These data and others further suggest that leptin may be necessary to maintain a normal ovarian responsiveness to gonadotropins. Perhaps leptin signaling in the ovary may be required to maintain a normal expression levels of FSH and LH receptors, or in the absence of leptin signaling, the affinity of these receptors for their ligands may be reduced. One of the commonest reproductive disorders associated with obesity in women is PCOS. PCOS is characterized by excessive ovarian androgen production, anovulation, and polycystic ovaries (PCO). Obesity may exacerbate PCOS and conversely, PCOS may worsen the degree of obesity. In the next few sections of this chapter, we will use PCOS as our disease entity to explore the complex relationship between obesity and reproductive health in women.
Pathogenesis of Polycystic Ovary Syndrome
A large proportion, 60–80%, of women with PCOS have high concentrations of circulating testosterone, and about 25% have high concentrations of dehydroepiandrosterone sulfate (DHEAS), leading some investigators to surmise that uncontrolled steroidogenesis might be the primary abnormality in this disorder [44, 45]. PCO have a thickened thecal layer, and thecal cells derived from these ovaries secrete excessive androgens in vitro under basal conditions or in response to LH stimulation [44, 45]. The excessive androgen production that characterizes the polycystic ovary may result from the very high ratio of LH to FSH levels or it may be due to an intrinsic abnormality of the ovary in PCOS.

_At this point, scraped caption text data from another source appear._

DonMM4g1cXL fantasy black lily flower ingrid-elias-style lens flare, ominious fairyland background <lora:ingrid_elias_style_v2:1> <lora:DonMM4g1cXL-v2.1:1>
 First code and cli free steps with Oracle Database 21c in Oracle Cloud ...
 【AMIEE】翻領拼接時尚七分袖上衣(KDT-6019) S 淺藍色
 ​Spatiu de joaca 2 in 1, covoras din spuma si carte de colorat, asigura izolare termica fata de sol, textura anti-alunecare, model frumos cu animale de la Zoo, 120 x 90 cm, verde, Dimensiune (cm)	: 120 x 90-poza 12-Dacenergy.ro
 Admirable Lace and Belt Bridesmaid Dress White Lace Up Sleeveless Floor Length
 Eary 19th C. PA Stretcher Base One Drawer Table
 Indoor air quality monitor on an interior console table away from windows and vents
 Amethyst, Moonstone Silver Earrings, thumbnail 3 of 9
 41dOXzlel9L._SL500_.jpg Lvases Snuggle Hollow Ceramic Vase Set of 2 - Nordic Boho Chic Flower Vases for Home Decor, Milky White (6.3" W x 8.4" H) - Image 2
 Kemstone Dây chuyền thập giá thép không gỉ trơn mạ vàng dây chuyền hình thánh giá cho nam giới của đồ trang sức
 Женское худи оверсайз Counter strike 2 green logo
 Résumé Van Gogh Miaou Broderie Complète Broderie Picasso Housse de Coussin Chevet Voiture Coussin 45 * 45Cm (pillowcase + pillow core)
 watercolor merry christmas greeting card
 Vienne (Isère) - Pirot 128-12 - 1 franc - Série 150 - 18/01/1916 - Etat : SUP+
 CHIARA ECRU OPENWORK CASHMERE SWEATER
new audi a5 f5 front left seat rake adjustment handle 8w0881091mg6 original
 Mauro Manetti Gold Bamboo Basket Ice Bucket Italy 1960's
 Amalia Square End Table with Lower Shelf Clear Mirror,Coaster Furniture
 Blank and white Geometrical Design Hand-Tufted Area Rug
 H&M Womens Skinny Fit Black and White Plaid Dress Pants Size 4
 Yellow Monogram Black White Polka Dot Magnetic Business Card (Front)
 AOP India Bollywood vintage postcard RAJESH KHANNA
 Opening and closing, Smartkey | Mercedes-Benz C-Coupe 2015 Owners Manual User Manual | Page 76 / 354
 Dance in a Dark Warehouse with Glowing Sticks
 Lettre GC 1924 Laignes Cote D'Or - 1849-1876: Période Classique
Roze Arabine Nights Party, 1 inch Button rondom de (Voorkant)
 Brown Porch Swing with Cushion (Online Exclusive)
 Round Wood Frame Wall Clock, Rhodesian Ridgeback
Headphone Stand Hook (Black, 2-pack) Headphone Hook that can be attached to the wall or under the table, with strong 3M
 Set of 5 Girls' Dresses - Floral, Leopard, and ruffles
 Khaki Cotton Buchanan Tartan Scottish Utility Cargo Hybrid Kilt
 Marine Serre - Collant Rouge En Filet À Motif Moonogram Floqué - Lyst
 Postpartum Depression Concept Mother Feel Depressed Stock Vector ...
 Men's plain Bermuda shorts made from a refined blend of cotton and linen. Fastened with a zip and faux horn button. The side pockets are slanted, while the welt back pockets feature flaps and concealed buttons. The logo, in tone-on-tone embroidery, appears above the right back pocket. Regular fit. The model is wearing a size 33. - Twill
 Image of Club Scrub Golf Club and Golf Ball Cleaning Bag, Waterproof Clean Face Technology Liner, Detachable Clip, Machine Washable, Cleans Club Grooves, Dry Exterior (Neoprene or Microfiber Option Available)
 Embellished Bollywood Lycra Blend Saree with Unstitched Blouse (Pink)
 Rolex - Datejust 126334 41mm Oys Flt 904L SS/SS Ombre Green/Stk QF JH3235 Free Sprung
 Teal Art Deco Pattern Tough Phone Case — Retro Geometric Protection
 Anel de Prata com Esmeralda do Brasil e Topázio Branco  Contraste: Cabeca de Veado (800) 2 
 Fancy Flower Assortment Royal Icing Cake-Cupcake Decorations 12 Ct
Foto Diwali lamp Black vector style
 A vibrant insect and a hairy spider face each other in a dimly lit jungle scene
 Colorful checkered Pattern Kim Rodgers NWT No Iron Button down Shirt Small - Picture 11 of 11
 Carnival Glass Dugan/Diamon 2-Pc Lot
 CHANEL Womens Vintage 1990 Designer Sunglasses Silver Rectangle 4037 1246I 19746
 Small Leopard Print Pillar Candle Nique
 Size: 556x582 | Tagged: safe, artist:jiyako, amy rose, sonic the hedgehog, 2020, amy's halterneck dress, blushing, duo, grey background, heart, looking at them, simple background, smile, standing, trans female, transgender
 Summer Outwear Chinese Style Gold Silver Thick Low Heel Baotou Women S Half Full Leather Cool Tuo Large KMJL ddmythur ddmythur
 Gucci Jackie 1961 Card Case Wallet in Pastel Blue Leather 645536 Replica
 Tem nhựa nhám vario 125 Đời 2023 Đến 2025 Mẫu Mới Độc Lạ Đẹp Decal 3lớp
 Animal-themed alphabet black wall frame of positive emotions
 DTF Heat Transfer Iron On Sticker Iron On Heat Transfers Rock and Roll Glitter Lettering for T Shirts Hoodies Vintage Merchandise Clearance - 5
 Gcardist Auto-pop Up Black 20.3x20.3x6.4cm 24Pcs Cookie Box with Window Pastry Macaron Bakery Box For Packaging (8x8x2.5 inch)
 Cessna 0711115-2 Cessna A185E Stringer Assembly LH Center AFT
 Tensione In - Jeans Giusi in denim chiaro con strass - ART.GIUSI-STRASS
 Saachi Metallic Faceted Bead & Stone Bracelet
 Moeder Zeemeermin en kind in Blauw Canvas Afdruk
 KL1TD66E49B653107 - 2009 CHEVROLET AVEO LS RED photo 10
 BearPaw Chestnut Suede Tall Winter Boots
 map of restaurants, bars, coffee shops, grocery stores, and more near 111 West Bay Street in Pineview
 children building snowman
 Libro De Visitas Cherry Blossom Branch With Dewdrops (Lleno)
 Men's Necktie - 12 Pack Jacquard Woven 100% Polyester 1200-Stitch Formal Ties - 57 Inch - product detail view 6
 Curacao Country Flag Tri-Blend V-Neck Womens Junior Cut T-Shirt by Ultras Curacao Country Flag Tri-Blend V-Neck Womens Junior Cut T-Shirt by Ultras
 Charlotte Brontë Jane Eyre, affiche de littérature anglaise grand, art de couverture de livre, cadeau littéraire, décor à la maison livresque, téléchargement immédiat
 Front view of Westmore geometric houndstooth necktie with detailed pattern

LH and FSH are synthesized and secreted by gonadotropes in the anterior pituitary gland. Each of these hormones is comprised of a heterodimer of a common α-subunit non-covalently bound to a unique β-subunit. The α-subunit is encoded by a single gene, whereas the unique β-subunits arise from separate genes and confer biological specificity. The pulsatile secretion of GnRH from the hypothalamus is essential for determining the relative proportion of LH and FSH synthesized within the gonadotrope. Consequently, an increased pulse frequency of hypothalamic GnRH favors transcription of the β-subunit of LH over the β-subunit of FSH; conversely, decreased pulse frequency of GnRH favors transcription of the β-subunit of FSH, which decreases the ratio of LH to FSH. Several previous studies have shown that women with PCOS display unusual patterns of gonadotropin secretion characterized by excessive secretion of LH but normal secretion of FSH. This pattern of secretion gives rise to an abnormally high ratio of circulating LH to FSH in the serum of some patients with PCOS [46–49]. Whereas LH regulates the androgenic synthesis of theca cells, FSH is responsible for regulating the aromatase activity of granulosa cells, thereby determining how much estrogen is synthesized from androgenic precursors. When the concentration of LH increases relative to that of FSH, the ovaries preferentially synthesize androgens.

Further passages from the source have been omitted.